Kepada mewujudkan swasembada Kekuatan diperlukan upaya yang terintegrasi, terkoordinasi, dan sistematis serta melibatkan seluruh pemangku kepentingan
Jakarta (ANTARA) – PT Pertamina EP berkolaborasi dengan pemerintah daerah Kepada mendukung ketahanan Kekuatan nasional sekaligus menjaga ketahanan pangan masyarakat.
Ketua Satuan Tugas Percepatan Peningkatan Produksi dan Lifting Migas Kementerian ESDM, Nanang Abdul Manaf, dalam keterangan di Jakarta, Senin, mengatakan upaya mewujudkan swasembada Kekuatan memerlukan sinergi seluruh pemangku kepentingan.
“Kepada mewujudkan swasembada Kekuatan diperlukan upaya yang terintegrasi, terkoordinasi, dan sistematis serta melibatkan seluruh pemangku kepentingan,” kata Nanang.
Kolaborasi tersebut diwujudkan melalui kegiatan bertajuk “Harmonisasi Tata Ruang dalam Rangka Mendukung Astacita Ketahanan Kekuatan dan Ketahanan Pangan” yang digelar di Surabaya, Jawa Timur, pada 18-19 Mei 2026.
Kegiatan itu dihadiri Direktur Jenderal Pengendalian dan Penertiban Tanah dan Ruang Kementerian ATR/BPN Lampri, Kepala Perwakilan SKK Migas Kawasan Jawa, Bali, dan Nusa Tenggara Anggono Mahendrawan, Direktur Primer PT Pertamina EP Rachmat Hidajat, dan Corporate Secretary PT Pertamina Hulu Kekuatan Hermansyah Y. Nasroen.
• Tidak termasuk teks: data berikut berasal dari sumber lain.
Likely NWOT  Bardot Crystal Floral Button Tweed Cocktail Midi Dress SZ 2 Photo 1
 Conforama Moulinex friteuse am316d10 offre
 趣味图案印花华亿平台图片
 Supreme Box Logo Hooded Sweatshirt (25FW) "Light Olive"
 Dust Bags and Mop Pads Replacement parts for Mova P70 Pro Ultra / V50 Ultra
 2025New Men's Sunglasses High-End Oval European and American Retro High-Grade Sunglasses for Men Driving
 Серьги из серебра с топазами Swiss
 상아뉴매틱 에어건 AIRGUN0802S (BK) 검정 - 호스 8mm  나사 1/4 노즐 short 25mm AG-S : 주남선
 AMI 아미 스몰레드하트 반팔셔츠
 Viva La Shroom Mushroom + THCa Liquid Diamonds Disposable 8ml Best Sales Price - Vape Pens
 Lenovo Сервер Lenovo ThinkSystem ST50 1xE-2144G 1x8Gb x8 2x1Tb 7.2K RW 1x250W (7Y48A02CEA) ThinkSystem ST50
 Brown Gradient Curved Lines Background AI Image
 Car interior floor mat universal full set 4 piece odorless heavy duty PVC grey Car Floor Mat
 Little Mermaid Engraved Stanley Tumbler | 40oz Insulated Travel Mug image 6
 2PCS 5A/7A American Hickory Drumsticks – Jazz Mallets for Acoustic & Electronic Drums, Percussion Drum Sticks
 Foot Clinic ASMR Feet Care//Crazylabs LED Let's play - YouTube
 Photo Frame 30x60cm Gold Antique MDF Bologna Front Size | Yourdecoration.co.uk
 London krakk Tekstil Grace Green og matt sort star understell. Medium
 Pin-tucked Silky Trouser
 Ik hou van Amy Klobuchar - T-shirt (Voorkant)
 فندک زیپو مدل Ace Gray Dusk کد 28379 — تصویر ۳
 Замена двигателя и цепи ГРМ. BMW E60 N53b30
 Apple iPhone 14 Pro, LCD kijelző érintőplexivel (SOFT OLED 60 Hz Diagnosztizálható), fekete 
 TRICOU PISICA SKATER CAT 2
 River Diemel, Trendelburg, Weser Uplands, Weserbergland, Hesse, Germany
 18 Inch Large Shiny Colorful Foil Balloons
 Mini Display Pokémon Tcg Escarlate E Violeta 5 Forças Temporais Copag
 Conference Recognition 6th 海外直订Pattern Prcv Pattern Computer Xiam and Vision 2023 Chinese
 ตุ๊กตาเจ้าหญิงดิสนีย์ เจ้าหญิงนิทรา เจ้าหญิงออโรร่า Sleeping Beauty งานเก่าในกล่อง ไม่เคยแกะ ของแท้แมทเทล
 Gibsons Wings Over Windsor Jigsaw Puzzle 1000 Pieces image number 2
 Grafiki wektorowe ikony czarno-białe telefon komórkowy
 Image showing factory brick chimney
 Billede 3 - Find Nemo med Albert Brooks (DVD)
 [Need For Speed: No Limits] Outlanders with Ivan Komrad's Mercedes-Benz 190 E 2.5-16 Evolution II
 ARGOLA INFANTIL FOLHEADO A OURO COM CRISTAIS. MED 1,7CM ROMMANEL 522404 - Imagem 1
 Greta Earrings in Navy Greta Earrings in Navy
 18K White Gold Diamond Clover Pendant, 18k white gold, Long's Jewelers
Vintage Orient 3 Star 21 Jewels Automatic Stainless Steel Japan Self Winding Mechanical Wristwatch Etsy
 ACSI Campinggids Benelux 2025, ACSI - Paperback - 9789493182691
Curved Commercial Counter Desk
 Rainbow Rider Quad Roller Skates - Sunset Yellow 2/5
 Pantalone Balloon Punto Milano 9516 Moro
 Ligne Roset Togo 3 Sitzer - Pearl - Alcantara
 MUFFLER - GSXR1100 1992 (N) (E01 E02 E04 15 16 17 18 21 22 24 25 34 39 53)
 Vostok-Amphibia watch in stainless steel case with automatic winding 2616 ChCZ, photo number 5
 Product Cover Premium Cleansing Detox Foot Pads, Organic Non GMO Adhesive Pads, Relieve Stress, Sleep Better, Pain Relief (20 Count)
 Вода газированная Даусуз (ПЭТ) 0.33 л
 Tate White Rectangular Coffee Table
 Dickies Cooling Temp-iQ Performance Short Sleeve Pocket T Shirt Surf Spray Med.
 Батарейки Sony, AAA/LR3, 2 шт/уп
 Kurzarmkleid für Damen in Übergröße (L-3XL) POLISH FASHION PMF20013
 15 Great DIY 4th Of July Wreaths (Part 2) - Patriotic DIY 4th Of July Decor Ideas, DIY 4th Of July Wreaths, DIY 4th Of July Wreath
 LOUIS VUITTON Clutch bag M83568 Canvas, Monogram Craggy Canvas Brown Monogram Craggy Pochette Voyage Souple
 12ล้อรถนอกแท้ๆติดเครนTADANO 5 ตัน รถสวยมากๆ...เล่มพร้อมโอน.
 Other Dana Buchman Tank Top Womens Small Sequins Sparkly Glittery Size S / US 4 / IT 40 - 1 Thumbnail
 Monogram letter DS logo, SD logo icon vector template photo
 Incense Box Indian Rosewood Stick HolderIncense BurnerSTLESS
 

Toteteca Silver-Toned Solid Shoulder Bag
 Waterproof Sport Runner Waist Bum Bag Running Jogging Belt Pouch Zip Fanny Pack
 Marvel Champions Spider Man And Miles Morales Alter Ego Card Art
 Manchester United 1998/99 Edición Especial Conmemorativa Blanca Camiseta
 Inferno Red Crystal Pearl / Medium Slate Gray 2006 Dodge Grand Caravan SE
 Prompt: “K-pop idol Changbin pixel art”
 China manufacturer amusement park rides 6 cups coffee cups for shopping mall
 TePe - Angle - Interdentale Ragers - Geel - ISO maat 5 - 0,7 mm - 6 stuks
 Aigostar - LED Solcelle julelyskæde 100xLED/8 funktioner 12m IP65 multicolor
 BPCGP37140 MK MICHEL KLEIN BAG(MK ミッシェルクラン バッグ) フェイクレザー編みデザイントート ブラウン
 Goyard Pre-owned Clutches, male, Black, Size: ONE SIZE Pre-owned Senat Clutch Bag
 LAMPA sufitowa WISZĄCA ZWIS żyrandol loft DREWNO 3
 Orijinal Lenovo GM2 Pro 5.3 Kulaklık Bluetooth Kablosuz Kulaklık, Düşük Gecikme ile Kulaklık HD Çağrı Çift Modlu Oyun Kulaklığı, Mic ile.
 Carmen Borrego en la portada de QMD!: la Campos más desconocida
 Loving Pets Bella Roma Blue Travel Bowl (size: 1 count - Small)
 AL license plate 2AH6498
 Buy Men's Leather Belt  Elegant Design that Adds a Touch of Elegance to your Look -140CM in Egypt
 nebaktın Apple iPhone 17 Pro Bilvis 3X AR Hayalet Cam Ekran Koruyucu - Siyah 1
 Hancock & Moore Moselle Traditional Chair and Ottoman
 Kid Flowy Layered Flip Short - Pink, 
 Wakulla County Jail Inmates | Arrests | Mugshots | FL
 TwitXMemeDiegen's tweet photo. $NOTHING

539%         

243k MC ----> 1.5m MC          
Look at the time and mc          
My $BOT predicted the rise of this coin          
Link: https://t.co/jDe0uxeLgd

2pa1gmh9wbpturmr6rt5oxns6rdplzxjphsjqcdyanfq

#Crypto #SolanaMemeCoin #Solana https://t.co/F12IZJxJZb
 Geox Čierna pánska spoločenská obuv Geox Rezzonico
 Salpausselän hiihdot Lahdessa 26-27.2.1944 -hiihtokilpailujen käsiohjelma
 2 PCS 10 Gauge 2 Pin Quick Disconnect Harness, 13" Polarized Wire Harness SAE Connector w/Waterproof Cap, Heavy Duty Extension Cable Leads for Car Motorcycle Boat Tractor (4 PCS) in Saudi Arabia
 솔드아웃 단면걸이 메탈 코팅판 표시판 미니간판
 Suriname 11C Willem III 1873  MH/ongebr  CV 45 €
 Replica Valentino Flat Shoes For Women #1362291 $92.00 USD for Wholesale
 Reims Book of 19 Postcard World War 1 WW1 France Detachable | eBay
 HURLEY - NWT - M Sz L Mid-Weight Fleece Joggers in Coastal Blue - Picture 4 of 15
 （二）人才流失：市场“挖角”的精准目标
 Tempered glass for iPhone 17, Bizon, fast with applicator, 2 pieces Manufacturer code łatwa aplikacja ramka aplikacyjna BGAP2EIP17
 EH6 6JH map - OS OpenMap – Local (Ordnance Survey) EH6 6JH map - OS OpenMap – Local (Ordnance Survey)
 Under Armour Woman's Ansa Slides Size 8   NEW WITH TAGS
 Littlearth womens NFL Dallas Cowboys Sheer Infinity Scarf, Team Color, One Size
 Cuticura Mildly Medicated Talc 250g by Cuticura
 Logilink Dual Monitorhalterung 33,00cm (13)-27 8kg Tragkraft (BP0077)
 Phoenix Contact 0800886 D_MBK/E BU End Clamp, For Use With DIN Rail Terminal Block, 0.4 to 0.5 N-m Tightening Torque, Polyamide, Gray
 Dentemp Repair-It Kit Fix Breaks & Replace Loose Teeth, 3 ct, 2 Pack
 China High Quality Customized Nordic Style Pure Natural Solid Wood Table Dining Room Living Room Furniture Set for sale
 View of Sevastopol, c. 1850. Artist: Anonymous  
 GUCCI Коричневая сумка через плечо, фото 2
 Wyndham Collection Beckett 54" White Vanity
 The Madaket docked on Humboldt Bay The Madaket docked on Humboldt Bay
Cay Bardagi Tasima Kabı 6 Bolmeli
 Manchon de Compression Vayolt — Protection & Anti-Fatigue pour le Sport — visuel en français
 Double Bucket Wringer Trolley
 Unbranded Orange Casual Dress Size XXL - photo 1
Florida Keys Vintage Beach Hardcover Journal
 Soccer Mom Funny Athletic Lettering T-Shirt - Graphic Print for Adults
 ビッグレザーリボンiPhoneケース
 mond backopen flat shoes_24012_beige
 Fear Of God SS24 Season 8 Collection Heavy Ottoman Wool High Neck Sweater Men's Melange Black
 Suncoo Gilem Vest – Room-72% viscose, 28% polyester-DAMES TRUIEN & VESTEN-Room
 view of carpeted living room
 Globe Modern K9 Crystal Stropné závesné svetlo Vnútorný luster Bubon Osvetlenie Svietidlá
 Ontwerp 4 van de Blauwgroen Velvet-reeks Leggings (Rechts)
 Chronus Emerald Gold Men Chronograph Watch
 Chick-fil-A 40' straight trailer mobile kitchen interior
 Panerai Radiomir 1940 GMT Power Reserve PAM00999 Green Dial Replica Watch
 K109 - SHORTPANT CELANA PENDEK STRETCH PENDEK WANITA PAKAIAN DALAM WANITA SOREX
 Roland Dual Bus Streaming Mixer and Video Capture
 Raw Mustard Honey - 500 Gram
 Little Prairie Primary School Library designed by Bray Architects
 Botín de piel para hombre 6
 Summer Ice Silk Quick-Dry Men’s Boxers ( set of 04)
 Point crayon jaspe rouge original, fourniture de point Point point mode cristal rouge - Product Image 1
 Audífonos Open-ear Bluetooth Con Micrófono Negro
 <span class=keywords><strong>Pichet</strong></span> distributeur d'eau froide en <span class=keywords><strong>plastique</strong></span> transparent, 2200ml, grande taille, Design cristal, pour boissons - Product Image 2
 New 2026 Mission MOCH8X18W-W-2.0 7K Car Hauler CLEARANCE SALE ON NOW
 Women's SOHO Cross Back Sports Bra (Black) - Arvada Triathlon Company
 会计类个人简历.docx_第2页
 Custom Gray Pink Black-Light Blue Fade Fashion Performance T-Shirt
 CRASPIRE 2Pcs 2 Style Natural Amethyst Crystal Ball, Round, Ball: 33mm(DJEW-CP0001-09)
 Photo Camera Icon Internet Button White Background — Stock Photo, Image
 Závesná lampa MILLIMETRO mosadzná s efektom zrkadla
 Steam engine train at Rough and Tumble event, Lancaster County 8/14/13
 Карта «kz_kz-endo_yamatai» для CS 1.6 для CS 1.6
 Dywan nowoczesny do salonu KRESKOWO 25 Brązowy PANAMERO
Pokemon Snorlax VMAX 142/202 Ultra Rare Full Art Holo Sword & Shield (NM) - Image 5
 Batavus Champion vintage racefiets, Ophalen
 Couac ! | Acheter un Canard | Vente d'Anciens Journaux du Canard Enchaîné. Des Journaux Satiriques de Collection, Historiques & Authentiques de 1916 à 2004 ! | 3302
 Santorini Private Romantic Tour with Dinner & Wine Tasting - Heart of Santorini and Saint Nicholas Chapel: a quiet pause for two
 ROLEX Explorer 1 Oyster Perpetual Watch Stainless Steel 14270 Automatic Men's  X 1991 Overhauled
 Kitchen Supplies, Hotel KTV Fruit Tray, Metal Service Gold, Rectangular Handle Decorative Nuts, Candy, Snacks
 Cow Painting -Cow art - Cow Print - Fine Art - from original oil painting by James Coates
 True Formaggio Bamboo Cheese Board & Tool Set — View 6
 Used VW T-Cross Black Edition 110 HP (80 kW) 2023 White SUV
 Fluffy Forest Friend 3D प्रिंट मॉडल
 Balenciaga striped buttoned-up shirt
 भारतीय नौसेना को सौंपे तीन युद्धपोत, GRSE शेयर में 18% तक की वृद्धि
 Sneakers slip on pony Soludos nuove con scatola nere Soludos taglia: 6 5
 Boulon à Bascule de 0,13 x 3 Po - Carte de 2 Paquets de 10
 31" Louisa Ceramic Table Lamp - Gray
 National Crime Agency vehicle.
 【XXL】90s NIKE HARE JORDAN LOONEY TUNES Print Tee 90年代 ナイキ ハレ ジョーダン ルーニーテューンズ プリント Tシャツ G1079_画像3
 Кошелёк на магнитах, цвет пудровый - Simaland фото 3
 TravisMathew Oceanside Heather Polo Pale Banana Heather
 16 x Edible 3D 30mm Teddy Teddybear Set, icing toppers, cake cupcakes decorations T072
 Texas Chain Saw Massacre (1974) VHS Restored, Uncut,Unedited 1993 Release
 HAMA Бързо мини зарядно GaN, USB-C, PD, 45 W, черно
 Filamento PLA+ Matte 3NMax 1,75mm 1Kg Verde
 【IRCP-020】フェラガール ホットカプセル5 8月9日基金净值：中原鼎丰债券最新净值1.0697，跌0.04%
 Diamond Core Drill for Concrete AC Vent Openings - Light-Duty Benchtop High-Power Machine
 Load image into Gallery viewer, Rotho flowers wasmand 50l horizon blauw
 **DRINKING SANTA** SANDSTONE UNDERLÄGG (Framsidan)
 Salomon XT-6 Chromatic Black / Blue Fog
Sejumlah kepala daerah dan organisasi perangkat daerah dari Kawasan Jawa bagian barat dan timur juga turut hadir, antara lain Bupati Majalengka Eman Suherman dan Wakil Bupati Cirebon Agus Kurniawan Budiman serta jajaran pemerintahan yang bertugas di Dinas Pertanian, Dinas PUPR beserta unsur dinas pemerintahan terkait di Kawasan Jawa bagian barat dan bagian timur.
Direktur Primer PT Pertamina EP, Rachmat Hidajat, mengapresiasi dukungan para pemangku kepentingan dalam kegiatan tersebut.
Ia berharap kegiatan itu menghasilkan kesamaan persepsi dan sinergi Kepada mendukung kegiatan hulu migas serta pencapaian ketahanan Kekuatan dan ketahanan pangan nasional.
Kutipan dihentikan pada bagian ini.